In addition, our data show that gold mineralization controlled by the Jiaojia fault is dominantly distributed over a distance range of −330 m–50 m from the fault surface, of which gold mineralization occurs within two distance ranges of −75 ∼ 0 m and −300 ∼ −200 m (Figure 9A). The former is closely associated with intense deformation and alteration near the fault, such as the Jiaojia No. 1 orebody and Sizhuang No. 1 orebody (Mills et al., 2015; Wang et al., 2019). The latter is less commonly distributed, and associated with distal brittle fracture filled with sulfide veins, e.g., Sizhuang No. 3 orebody (Wang et al., 2019).

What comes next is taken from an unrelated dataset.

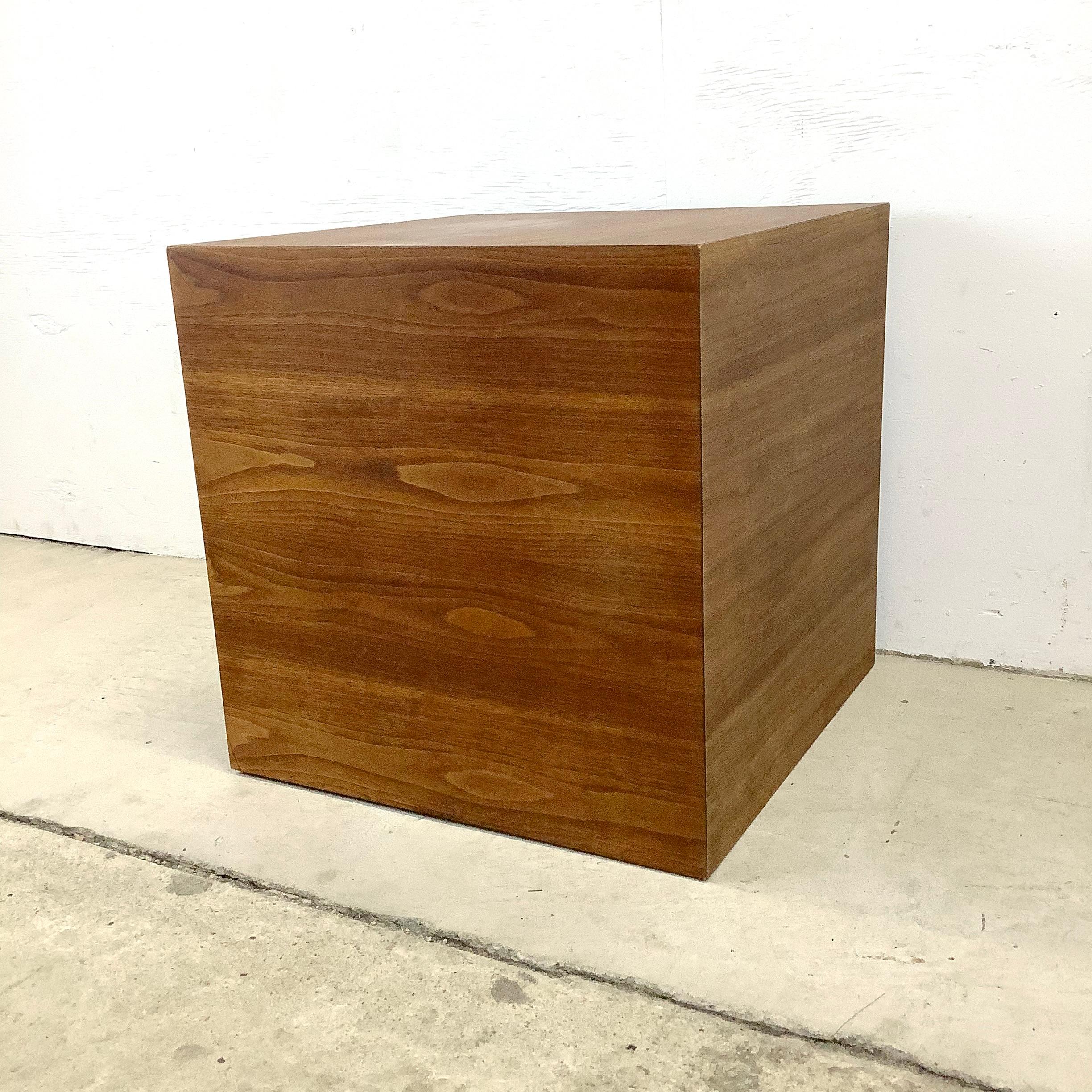Other Mid-Century Cube Walnut End Table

This distal mineralization occurs in Jiaojia, Sizhuang, and deep Shaling segments (Figure 8B). The gold mineralization within the Jiaojia gold belt is particularly concentrated within the dip range of the Jiaojia fault of 20°–40° (Figure 9B), and the dip variation is relatively minor (less than ±10°, Figure 9C), which are features suggesting the gently sloping of the Jiaojia fault. Notably, the gold mineralization exhibits spatial overlap with the undulating parts of the Jiaojia fault (Figures 8E,F), and the voxels are more often distributed in concave-down parts (waF, wbF <0 m; Figures 9D, E). In particular, these fault segments also align spatially with high-grade voxels (Figure 8A). The Jiaojia fault was exposed to NEE-SWW compressed stress during gold mineralization period. The apparent undulations may imply localized stress inhomogeneities during the structural activities, which contributed to the enhancement in permeability or fluid fluxes in local host rocks, thereby facilitating gold precipitation (Henry et al., 2014; Wilson et al., 2016).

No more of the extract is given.